5) The GWWC data is in international dollars, which are good for the mapping into utility/wellbeing, but are confusing for distribution. I presume that when equalising world income money is moved from places with worse purchasing power to ones with more purchasing power, so *more* international dollars are created and your calculation will be an under-estimate of the good created. I'm not sure by how much. I can't imagine the amount of international dollars going up by more than a factor of 4 (roughly the PPP ration between mainstreet USA and India), so the log value can't go up by more than about 0.5.
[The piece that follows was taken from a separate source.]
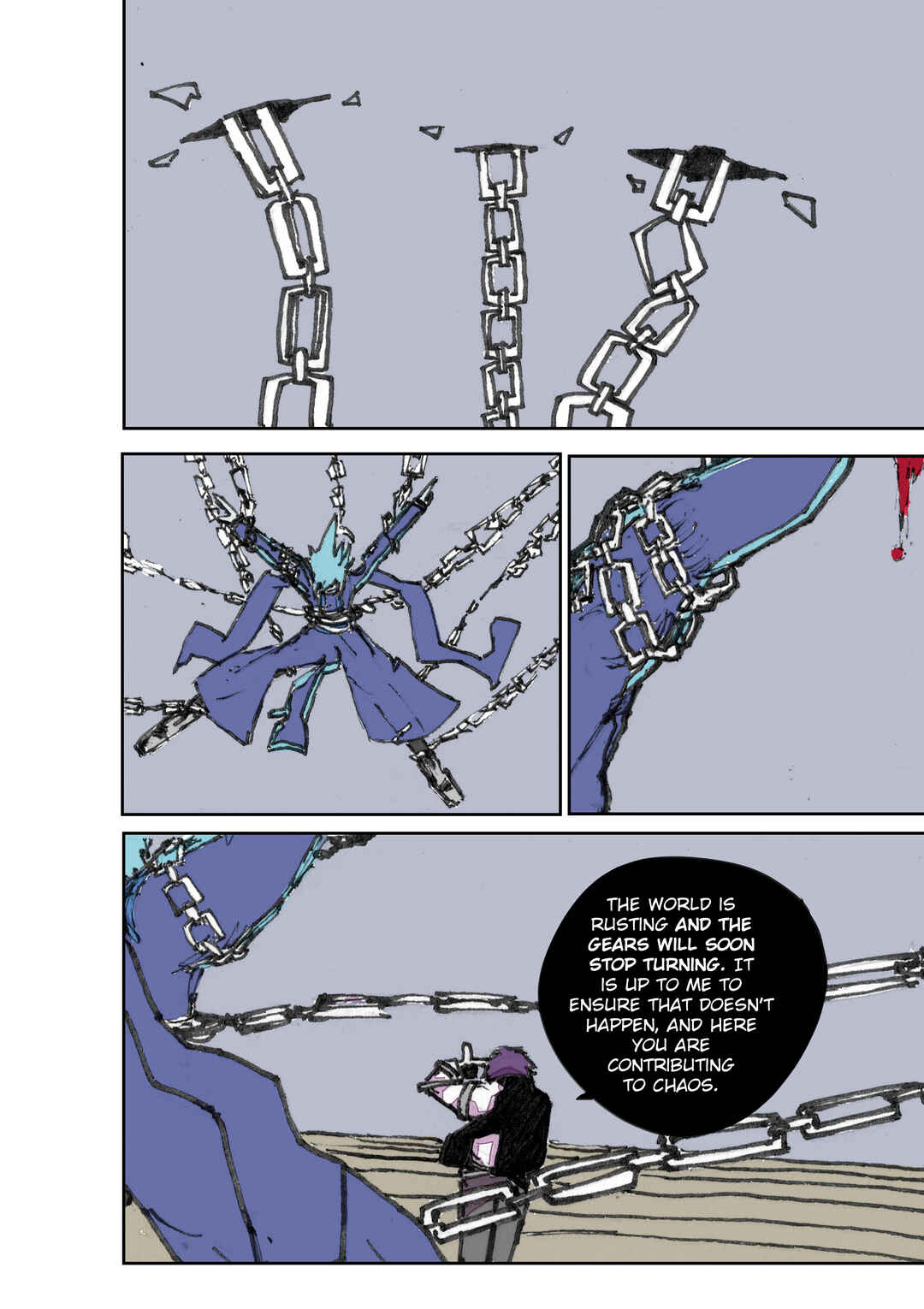 Chapter 12 - Page 53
6) When changing the population, you will change the total income/consumption, as well as changing the function that maps this to wellbeing. I'm not sure how big a deal this is or how to deal with it, but you might want to think about it.

Toby Ord said...

Also, note that an increase of 0.1 in this measure is about a 25% increase in income, and an increase of 0.01 is about a 2.5% increase. The world read GDP growth rate is about 3% on average, so we can think of that as a global increase of about 0.01 each year due to growth (if the relative inequality stays fixed). Or about 1.00 per century at historic rates.

Nick Beckstead said...

Thanks, Carl. Cool post.


> However, since humans cannot survive on sub-subsistence income, so we can generally ignore the region between zero income and subsistence, assigning (death or nonexistence) a value of zero

so we can --> we can
missing period

Carl said...

Thanks for many good points Toby, definitely worth using in a followup. I took the chart from your post.
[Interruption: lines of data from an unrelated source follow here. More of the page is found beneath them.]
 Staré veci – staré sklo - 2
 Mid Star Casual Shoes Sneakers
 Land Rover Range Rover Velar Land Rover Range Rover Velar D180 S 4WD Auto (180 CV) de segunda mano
I wonder if doing such a global human welfare estimation might be a good research project for an undergraduate looking for an EA-relevant topic.

Thanks Nick, done.

Vaniver said...

The model as you've stated it treats income as a multiple of the subsistence income- one way to get around this (and deal with what utility value you assign to death, and so on) is to consider s+log(income+x). The behavior around incomes of 0 is more reasonable, and for small x it barely impacts the behavior at high incomes.